→ **Exercise requirements**
The material below has pictures in it. Set down only the lines from the line containing "Bundle of 5" through the line containing "2022 Toyota Tacoma 4WD SR", word for word, and leave the pictures behind.

→ **Input data**
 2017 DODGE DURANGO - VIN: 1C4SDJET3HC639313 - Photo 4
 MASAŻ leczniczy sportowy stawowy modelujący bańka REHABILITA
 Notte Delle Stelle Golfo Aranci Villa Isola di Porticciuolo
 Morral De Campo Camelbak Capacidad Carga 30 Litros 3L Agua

* * *

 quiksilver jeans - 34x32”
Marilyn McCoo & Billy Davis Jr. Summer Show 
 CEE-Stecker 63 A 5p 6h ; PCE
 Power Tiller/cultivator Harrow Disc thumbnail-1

--

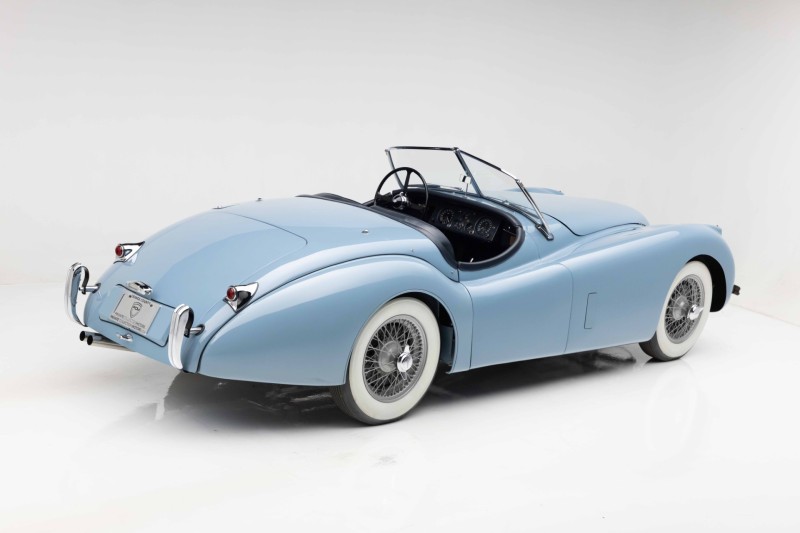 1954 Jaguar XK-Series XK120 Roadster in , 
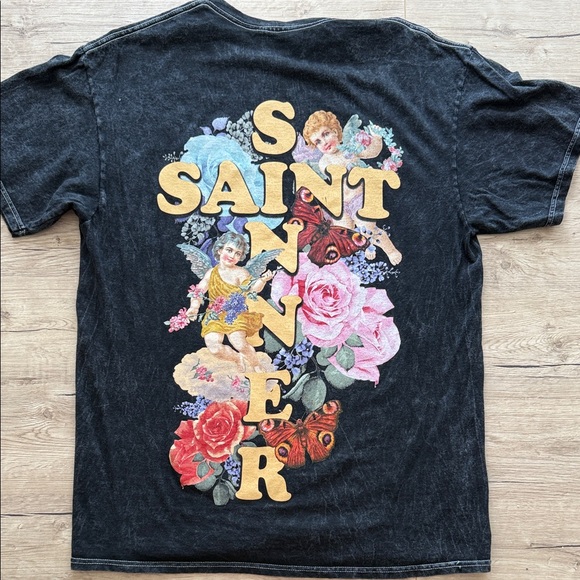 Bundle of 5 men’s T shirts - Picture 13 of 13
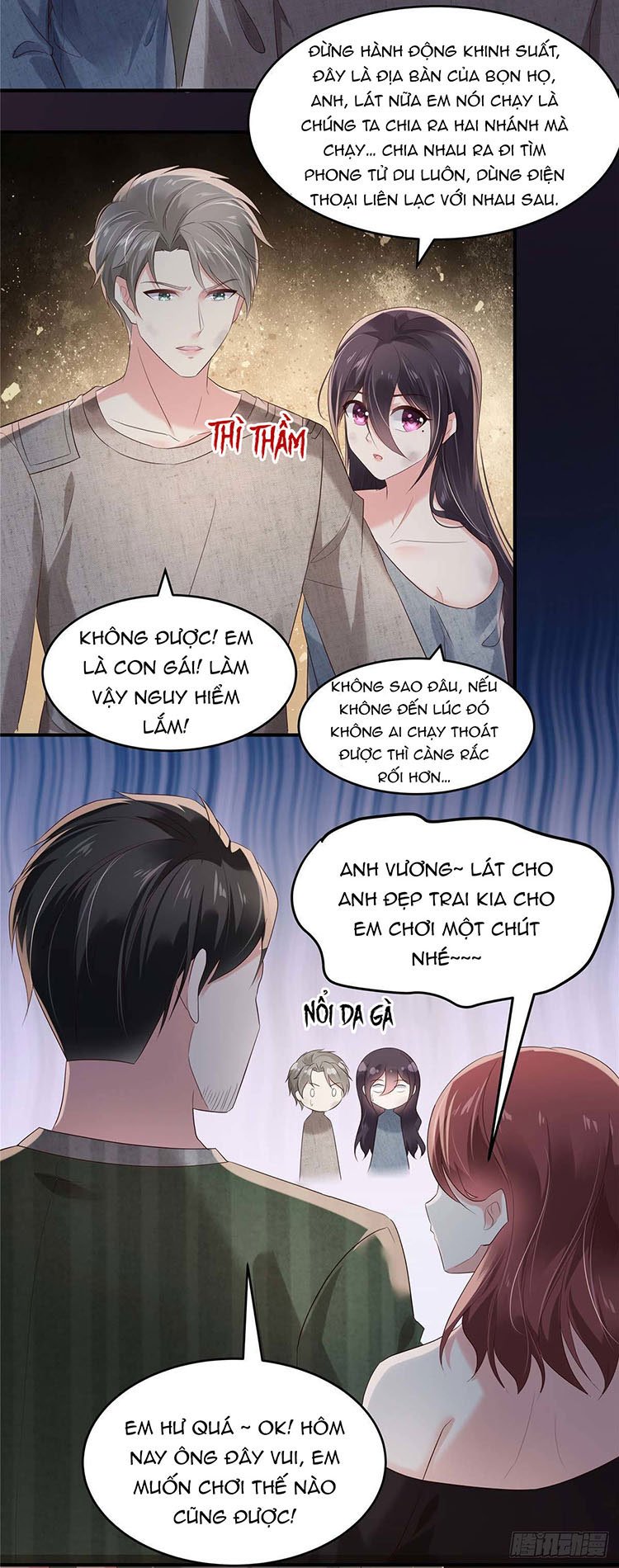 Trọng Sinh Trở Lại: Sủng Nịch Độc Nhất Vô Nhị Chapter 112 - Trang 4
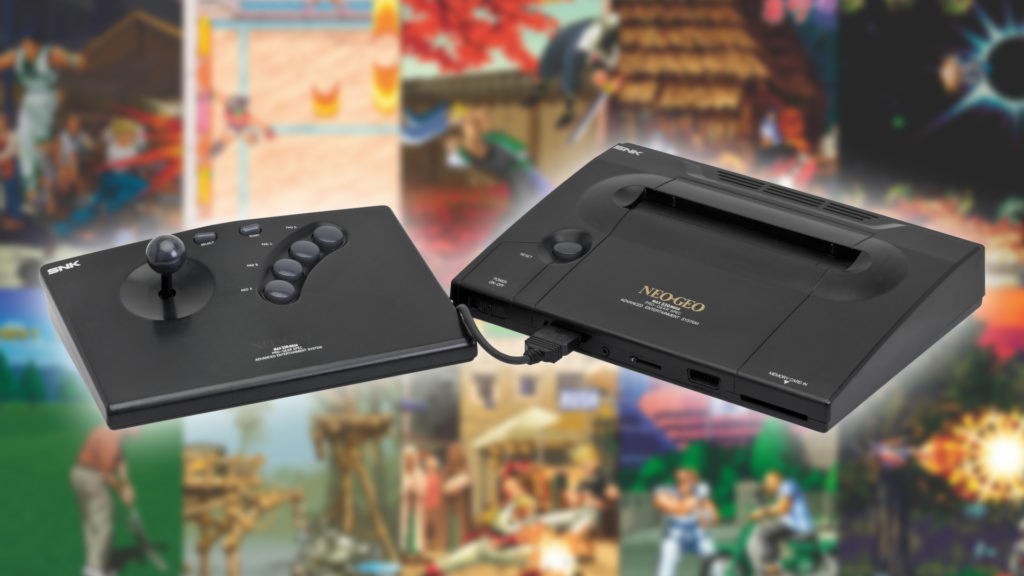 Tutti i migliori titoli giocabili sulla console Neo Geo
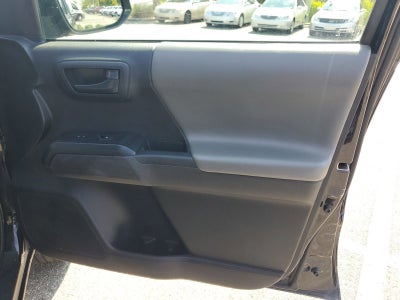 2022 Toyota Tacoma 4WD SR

→ **Exercise response**
 Bundle of 5 men’s T shirts - Picture 13 of 13
 Trọng Sinh Trở Lại: Sủng Nịch Độc Nhất Vô Nhị Chapter 112 - Trang 4
 Tutti i migliori titoli giocabili sulla console Neo Geo
 2022 Toyota Tacoma 4WD SR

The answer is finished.